From the line holding "this 1270×952 image." to the final line of the entries, set down each line exactly, including both, and nothing more.
---- Supplied material
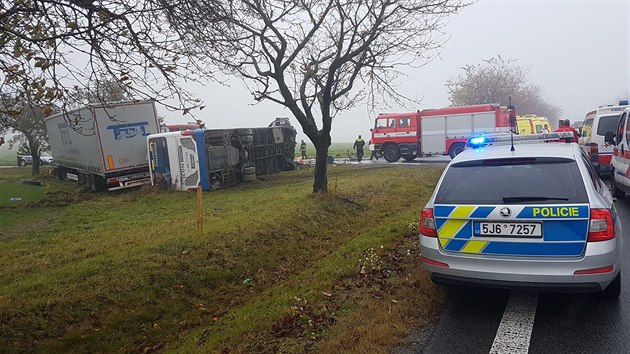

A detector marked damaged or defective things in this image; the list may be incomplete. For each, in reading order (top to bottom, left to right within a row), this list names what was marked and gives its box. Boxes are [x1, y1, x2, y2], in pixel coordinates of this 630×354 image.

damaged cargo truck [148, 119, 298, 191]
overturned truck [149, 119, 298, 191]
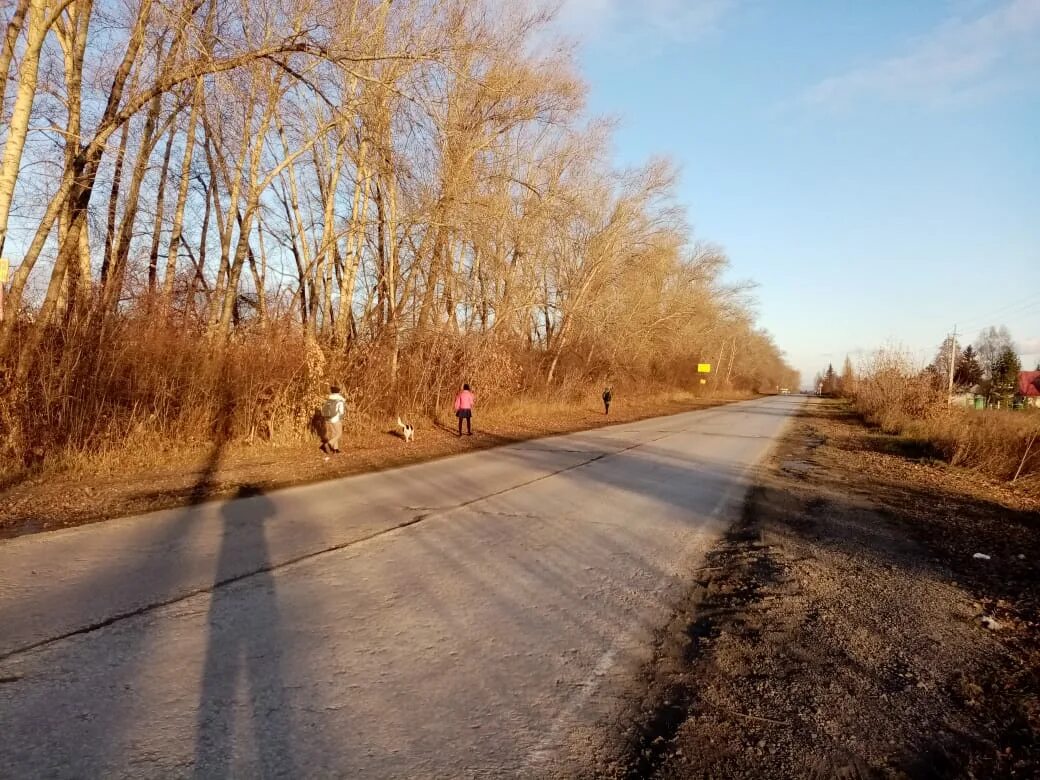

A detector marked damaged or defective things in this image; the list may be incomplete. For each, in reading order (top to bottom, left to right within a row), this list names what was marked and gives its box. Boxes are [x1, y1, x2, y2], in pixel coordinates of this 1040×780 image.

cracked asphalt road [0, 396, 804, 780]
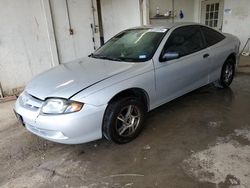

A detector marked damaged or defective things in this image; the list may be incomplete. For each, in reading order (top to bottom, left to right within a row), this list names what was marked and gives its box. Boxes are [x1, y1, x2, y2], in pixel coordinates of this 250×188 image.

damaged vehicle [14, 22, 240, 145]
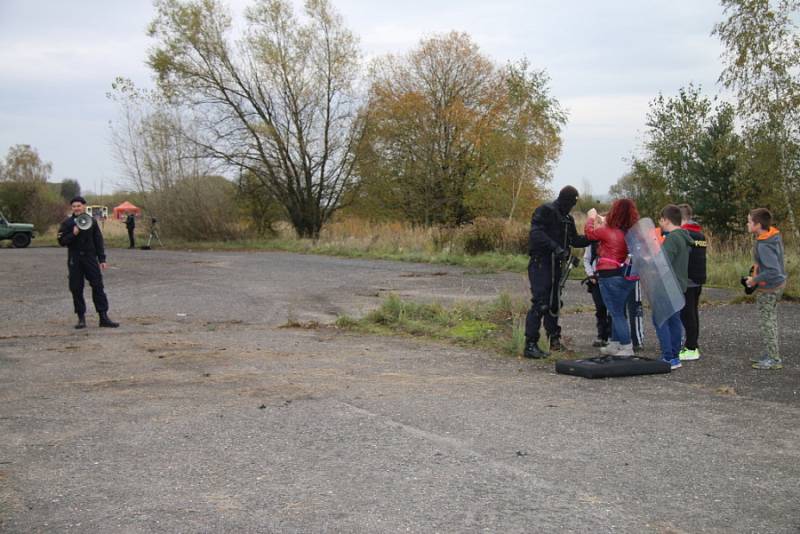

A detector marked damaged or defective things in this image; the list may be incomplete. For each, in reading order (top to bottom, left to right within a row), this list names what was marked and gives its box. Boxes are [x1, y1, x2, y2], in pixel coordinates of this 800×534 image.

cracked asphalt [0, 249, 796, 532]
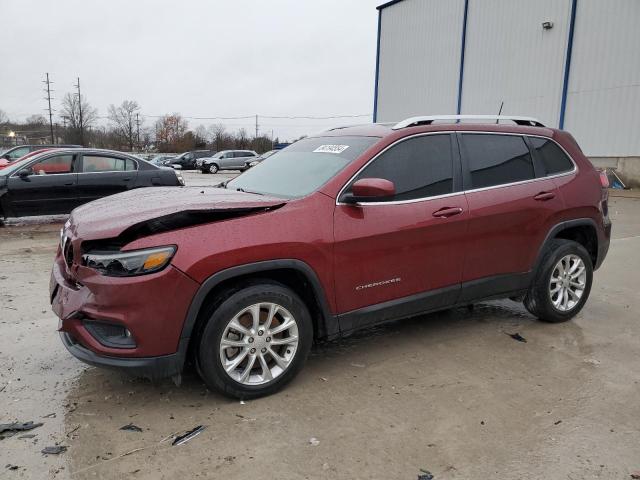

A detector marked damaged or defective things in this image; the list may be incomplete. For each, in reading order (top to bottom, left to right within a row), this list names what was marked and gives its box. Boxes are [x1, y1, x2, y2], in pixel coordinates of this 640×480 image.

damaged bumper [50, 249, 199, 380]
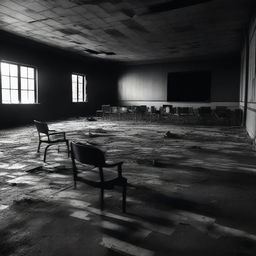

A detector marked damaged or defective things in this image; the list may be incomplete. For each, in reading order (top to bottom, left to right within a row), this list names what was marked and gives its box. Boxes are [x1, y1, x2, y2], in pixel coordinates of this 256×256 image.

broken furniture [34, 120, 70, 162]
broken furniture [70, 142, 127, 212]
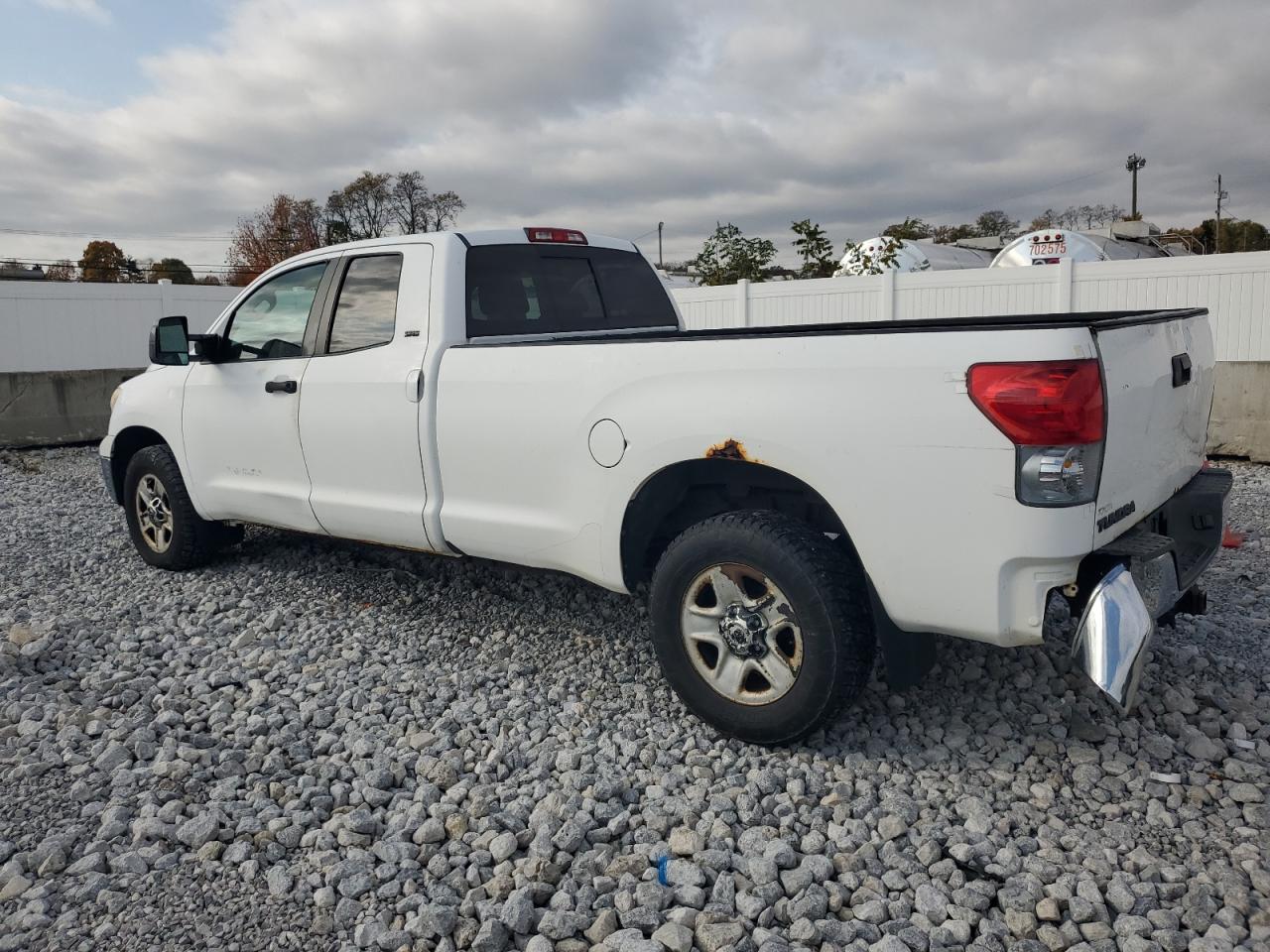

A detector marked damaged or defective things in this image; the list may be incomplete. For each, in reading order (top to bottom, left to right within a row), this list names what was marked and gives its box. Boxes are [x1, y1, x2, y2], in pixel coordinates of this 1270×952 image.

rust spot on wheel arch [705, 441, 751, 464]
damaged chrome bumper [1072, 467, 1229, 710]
--------
Output →
A detector marked damaged or defective things in this image; the list may be incomplete. For each, in reading order (top to bottom, left to right within a row), this list names what was marked and gives its box. Boxes are [x1, y1, x2, y2], in pixel coordinates of this 1270×952 image.

rust spot on wheel arch [705, 441, 751, 464]
damaged chrome bumper [1072, 467, 1229, 710]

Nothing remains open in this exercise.